Seasons of Wool Appliqué Folk Art: Through Many Lenses

Seasons of Wool Appliqué Folk Art: Through Many Lenses

Posted by Rebekah L. Smith on Jun 20th 2017

When I first began this journey into book writing, I knew that an integral part of the final publication would be the photographs; this is no small task, and requires close teamwork. While working on Seasons of Wool Applique Folk Art , I had to compile my list of atmosphere photos as well as the staged and flat shots that would be needed to complete the book. This would require photographers who are artists. Photography is an art, and one that requires the artist to have not only a good eye behind the lens, but also an excellent eye for composition in front of the lens.

Each chapter of the book has a small atmosphere shot to illustrate the opening text to each project. These photos were taken by a variety of family members, all of whom possess good photographic sense. The goal was to convey the emotion that goes into the source of my inspiration when designing a new project.

Rebekah and daughter Kelsey working on an atmosphere shot in the snow.

The staged photographs require special planning and days of preparation for a whole day’s worth of shooting. In order to expedite the process and avoid wasting time, my daughters Kelsey and Karly helped me stage each project around our home, take notes on the various shots, and photograph these for future reference. 

Kelsey working as assistant to Laura, the style photographer.

The next step was to bring in the professional. Laura, our style photographer, is a brilliant artist with the camera and a joy to work with. She has an amazing eye for light, and each time we work together I see and learn something new. Her work sets the stage for how the reader sees the project. It is a long day of shooting, but the results are incredible and I get to see the very beginnings of the book will look.

Laura, style photographer, getting the shot.

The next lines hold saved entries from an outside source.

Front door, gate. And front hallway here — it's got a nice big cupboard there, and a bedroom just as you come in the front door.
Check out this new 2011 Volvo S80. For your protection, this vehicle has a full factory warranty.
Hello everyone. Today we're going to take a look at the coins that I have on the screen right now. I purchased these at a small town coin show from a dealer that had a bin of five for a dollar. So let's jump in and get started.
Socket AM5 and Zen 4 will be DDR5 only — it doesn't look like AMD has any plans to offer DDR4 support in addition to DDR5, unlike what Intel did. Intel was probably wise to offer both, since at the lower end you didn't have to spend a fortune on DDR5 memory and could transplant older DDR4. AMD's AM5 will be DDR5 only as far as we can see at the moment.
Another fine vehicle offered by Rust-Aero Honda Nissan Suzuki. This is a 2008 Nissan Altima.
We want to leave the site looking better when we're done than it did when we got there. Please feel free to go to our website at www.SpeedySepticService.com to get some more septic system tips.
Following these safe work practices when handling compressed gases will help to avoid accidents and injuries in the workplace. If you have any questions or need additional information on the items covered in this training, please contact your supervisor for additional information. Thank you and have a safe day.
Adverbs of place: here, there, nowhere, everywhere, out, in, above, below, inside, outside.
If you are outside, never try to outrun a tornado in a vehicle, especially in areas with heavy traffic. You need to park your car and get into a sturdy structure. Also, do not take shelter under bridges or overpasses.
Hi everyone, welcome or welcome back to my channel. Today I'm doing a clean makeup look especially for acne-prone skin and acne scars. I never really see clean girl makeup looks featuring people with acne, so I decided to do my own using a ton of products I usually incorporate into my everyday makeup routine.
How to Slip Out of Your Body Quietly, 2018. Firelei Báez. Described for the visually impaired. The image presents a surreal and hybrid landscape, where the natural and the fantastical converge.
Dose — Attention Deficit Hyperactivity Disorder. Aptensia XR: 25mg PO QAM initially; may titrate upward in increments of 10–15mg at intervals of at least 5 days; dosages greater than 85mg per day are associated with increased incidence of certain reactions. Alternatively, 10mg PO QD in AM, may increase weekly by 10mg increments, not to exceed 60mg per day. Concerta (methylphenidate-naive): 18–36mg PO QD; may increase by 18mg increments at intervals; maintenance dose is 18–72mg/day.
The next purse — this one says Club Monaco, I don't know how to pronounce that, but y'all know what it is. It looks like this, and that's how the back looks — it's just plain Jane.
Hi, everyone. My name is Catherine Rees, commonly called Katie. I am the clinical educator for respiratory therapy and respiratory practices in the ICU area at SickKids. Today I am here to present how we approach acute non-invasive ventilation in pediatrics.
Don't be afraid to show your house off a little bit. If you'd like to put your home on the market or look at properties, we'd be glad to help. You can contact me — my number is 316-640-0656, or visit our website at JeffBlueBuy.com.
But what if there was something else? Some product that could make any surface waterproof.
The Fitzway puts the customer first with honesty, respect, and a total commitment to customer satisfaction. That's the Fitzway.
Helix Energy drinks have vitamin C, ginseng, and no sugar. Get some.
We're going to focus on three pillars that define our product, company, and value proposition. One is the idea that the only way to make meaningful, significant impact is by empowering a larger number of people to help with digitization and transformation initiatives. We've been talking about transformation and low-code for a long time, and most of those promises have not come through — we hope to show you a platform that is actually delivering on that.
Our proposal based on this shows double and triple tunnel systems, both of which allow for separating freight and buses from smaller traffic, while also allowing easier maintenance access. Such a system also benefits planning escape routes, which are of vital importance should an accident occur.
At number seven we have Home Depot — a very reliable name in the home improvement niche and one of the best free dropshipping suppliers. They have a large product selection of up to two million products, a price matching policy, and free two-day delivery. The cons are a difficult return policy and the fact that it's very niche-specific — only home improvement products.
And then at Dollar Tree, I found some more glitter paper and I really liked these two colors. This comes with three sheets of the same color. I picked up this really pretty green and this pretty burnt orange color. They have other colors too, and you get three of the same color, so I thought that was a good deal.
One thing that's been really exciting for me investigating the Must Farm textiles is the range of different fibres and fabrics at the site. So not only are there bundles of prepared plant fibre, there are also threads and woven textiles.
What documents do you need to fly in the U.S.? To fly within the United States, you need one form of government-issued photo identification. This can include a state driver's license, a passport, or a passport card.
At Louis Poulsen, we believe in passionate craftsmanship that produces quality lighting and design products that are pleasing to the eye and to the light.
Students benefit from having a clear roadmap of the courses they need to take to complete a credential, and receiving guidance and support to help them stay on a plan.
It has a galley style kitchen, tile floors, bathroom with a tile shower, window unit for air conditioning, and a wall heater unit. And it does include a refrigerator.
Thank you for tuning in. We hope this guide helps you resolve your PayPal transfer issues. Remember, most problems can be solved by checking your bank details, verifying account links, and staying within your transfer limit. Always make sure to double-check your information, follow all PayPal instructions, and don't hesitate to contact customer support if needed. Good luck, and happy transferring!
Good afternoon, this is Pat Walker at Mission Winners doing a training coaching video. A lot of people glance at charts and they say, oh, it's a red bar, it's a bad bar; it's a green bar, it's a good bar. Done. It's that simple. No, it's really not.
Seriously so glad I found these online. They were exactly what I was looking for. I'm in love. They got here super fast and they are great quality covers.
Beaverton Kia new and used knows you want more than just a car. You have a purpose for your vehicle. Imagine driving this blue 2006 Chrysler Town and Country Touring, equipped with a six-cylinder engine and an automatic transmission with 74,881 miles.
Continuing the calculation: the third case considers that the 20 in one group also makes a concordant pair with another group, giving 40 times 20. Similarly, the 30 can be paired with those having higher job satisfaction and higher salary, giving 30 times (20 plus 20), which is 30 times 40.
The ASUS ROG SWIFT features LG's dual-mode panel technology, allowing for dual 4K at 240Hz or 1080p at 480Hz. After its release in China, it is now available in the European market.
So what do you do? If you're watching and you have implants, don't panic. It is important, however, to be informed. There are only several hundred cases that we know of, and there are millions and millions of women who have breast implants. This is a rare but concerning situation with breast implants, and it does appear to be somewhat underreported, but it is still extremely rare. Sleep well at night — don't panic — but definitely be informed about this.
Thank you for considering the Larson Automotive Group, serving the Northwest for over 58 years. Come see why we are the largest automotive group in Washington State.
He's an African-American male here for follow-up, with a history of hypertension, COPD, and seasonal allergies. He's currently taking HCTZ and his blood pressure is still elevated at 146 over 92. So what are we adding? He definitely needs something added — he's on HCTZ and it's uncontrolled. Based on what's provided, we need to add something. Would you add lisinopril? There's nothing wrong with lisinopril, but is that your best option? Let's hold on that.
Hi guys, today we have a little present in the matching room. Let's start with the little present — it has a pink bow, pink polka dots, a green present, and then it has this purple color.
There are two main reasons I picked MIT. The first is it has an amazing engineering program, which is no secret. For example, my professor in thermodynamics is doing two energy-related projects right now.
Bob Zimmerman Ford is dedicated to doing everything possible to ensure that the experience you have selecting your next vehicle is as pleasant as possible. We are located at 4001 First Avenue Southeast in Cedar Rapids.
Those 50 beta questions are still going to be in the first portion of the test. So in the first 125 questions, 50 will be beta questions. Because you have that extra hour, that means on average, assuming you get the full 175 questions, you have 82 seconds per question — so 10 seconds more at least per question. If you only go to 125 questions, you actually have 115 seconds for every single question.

A very important ingredient in a book of projects is the flat shots, close-ups, and the step-out photos. Without these the reader would have no real reference for completing the projects. Diane Pederson, the instructional photographer at C&T Publishing, along with her assistant Mai Yong Vang, took on this enormous task with great results. My pieces never looked so straight and flat. Their use of light is exceptional in order to bring the right amount of detail to print.

This is just a small glimpse into all that goes into photographing a book of projects. It takes many hands to get the job done. The reward is a beautiful book!